Pollsters will be closely watching support in Alberta and Saskatchewan for the Maverick Party which currently sits at 2 percent in each province. They will also be looking at the actual support the People’s Party of Canada receives with the party currently polling at 9 percent in Manitoba and Saskatchewan, 7 percent in Alberta and 6 percent in British Columbia.

There is the general agreement that each vote that goes to either one of these parties is a vote the Conservatives will not be receiving. This may save a handful of western Liberals in Winnipeg, Edmonton and Vancouver from defeat by splintering the right-leaning vote.

Haliburton-Kawartha Lakes-Brock 

338Canada.com has the Conservative Party of Canada with a 99 per cent chance of winning the riding.

The Conservatives are currently polling at 47 percent, the Liberals at 22 percent, the NDP at 18 percent, the PPC at 7 percent, the Greens at 4.6 percent and the Libertarians at 1 percent.

Without the PPC and Libertarian candidates in the race, Schmale’s final victory could be closer to the 60 percent pluralities set by his former boss Barry Devolin and backbencher Bill Scott.

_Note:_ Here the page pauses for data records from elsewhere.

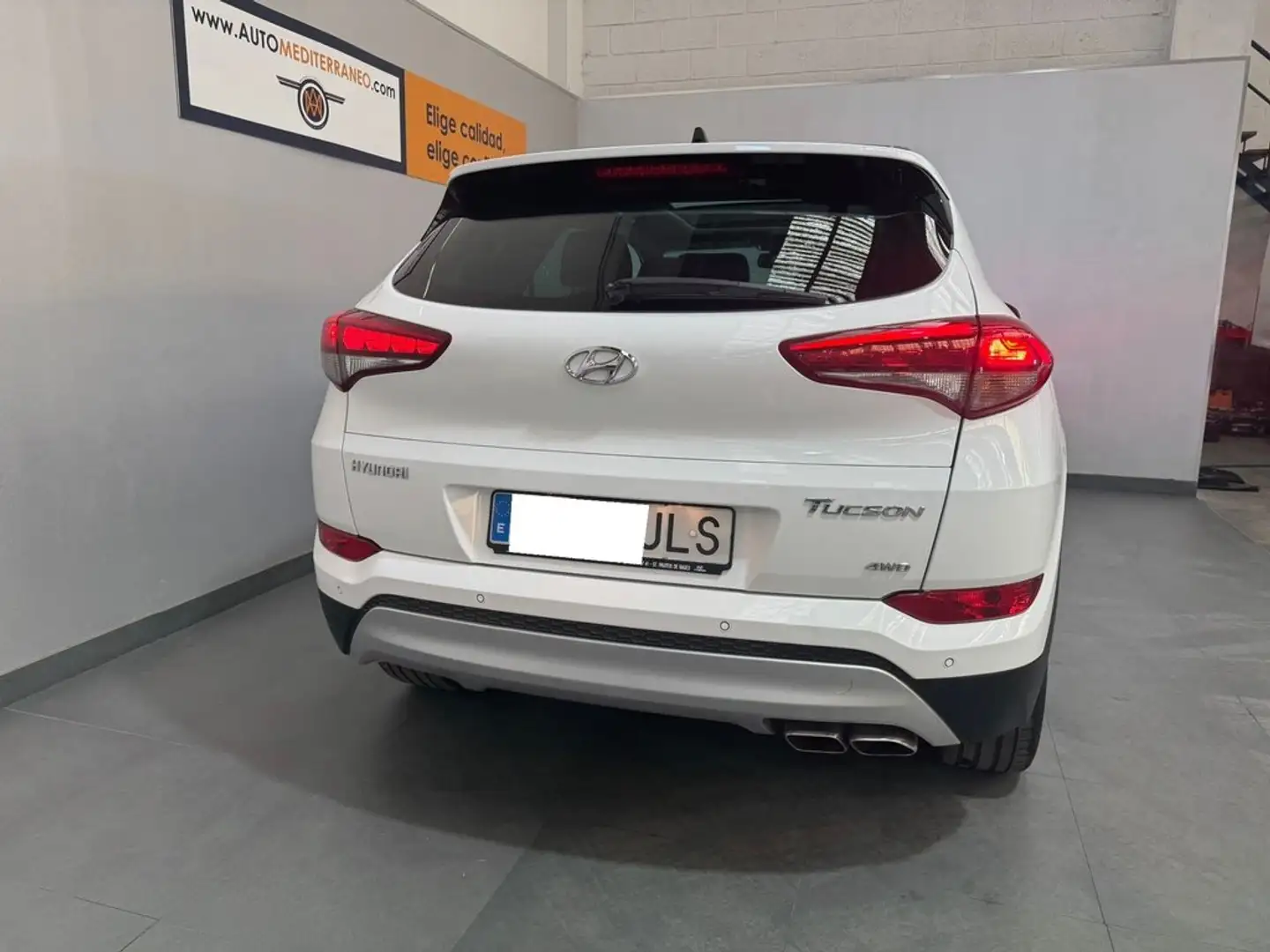 Hyundai TUCSON 2.0 CRDi 184cv Style Auto 4x4 Blanc - 2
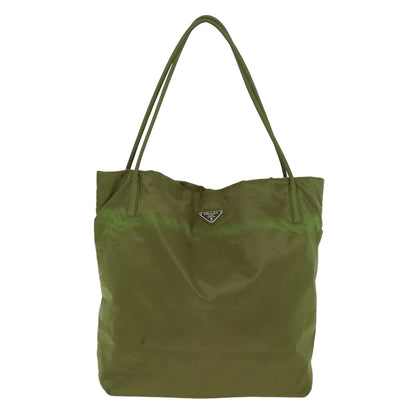 PRADA Tote Bag Nylon Khaki Auth 79651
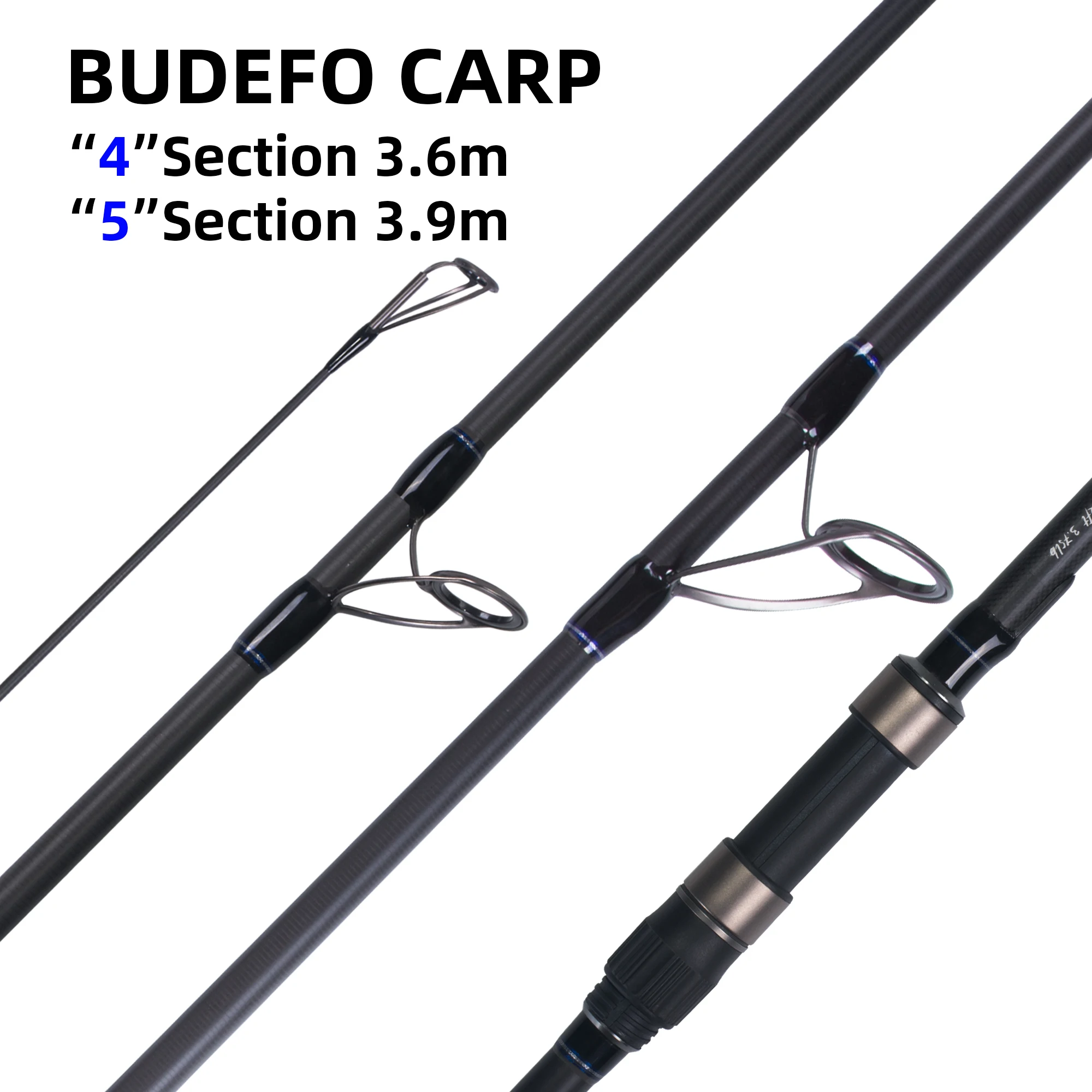 New High Carbon Carp Fishing Rod 3.6m 3.9m 4.2m 4/5/6 Section Feeder Surf  Rods Long Casting Boat Fishing Spinning Rod Tackle - AliExpress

Local political observers have noted that during this campaign Schmale has felt comfortable enough to leave the riding to campaign for neighbouring Conservative candidates who are in much tougher races.

Peterborough-Kawartha 

Peterborough-Kawartha will be watched closely by political pundits of all parties considering it has elected members from all three main parties since 1960.

As of Sept. 19, the race is too close to call with the Conservatives leading with 35 per cent of the vote, the Liberals who currently hold the seat sitting at 34 per cent, the NDP at 20 per cent, the PPC at 5.5 per cent, the Greens at 4 per cent and independent candidates polling 1.1 per cent.

Maryam Monsef, the Liberal incumbent, and Michelle Ferreri, the Conservative challenger, are neck-and-neck in a campaign that has featured some negative advertising about who was born in the riding and who by extrapolation was not.  Monsef, an Afghani refugee, has found that her ethnicity has come in for real scrutiny in this election, particularly after her comments about the Taliban being “brothers” in any future decisions made about rebuilding Afghanistan. Ferreri, a media personality and social media influencer, has made her local roots clear in a series of political advertisements that have run extensively in the last 10 days before the vote.

This will be one of the ridings where the People’s Party of Canada will be the kingmaker. A solid showing by PPC candidate Paul Lawton will hand the riding to the Liberals, while if Lawton’s support stalls where it is right now Ferreri could conceivably take the riding from incumbent Monsef.